What it does: Elixir provides two distinct supervisor types:

  • Supervisor — for static children known at compile time, started in a defined order
  • DynamicSupervisor — for children started on demand at runtime, with no ordering guarantees

Why: Static supervisors guarantee startup order (critical for dependencies like "DB pool must start before web server"). Dynamic supervisors optimize for scale — they can hold millions of children using efficient data structures and shut down concurrently.

Anti-pattern: Using a Supervisor when children are created dynamically (e.g., one process per WebSocket connection). You'll hit performance issues and ordering semantics you don't need. Conversely, using DynamicSupervisor for fixed infrastructure (DB pool, PubSub) loses startup order guarantees.

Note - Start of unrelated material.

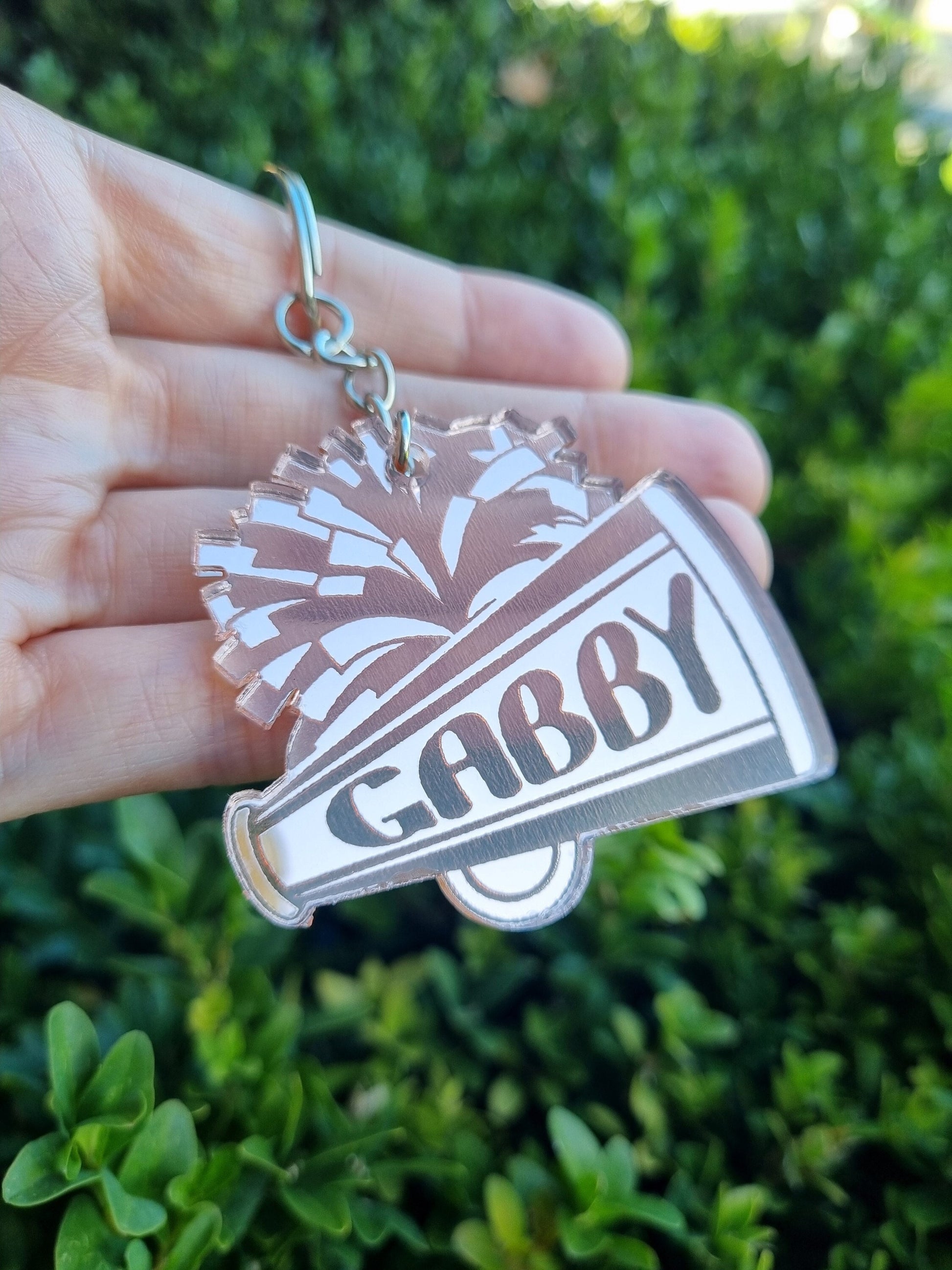 Personalised Cheer Acrylic Keyring, Keychain, Cheer Gift, Engraved Team Gift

Code example from source (dynamic_supervisor.ex:1-15):

# DynamicSupervisor docs explain the distinction:
# "The Supervisor module was designed to handle mostly static children
#  that are started in the given order when the supervisor starts. A
#  DynamicSupervisor starts with no children. Instead, children are
#  started on demand via start_child/2 and there is no ordering between
#  children."

Pattern 2: PartitionSupervisor for Scalability

Source: lib/elixir/lib/dynamic_supervisor.ex:60-95 and lib/elixir/lib/task/supervisor.ex:35-65

What it does: Both DynamicSupervisor and Task.Supervisor document the same scalability pattern: when a single supervisor becomes a bottleneck, wrap it in a PartitionSupervisor which starts N instances (one per core by default) and routes via a key.

Why: A supervisor is a single process. Under heavy start_child load, it serializes all spawn operations. PartitionSupervisor distributes the load across multiple supervisor processes, using self() as the routing key to ensure each caller consistently hits the same partition.

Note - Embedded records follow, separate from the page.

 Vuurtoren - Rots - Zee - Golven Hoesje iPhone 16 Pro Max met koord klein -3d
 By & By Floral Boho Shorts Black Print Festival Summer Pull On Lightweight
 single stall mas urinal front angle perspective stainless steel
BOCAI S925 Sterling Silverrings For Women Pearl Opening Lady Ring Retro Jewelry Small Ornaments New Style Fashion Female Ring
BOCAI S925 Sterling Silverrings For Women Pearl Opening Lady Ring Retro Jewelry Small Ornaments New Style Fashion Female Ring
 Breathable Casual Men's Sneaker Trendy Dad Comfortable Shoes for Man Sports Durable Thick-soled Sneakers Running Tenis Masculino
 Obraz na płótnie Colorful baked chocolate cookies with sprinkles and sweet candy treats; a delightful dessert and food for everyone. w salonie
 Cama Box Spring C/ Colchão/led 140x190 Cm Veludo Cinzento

Anti-pattern: Creating your own load-balancing logic for supervisors, or just accepting the bottleneck. The standard library provides this pattern explicitly.

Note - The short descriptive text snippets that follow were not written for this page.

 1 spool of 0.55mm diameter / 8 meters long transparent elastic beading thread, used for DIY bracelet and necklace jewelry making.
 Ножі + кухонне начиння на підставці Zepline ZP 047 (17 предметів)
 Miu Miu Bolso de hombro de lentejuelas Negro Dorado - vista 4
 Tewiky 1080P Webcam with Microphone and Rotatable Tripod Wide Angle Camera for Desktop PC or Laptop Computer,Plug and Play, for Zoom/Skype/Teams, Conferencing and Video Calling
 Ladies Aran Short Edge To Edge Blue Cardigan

Code example from source (dynamic_supervisor.ex):

# Instead of a single DynamicSupervisor:
children = [
  {PartitionSupervisor,
   child_spec: DynamicSupervisor,
   name: MyApp.DynamicSupervisors}
]

# Start children through the partition supervisor:
DynamicSupervisor.start_child(
  {:via, PartitionSupervisor, {MyApp.DynamicSupervisors, self()}},
  {Counter, 0}
)

Pattern 3: Supervision Strategies — Choosing the Right Restart Behavior

Source: lib/elixir/lib/supervisor.ex:315-345 (Strategies section)

What it does: Three strategies model three dependency patterns:

  • :one_for_one — independent children (crash of A doesn't affect B)
  • :one_for_all — tightly coupled children (if one fails, all state is inconsistent)
  • :rest_for_one — sequential dependencies (children started after the crashed one depend on it)

Why: These map directly to runtime dependency graphs. A connection pool and its consumers are :rest_for_one — consumers can't work without the pool. Multiple independent request handlers are :one_for_one. Workers sharing a cache are :one_for_all — stale cache state after a crash could cause inconsistency.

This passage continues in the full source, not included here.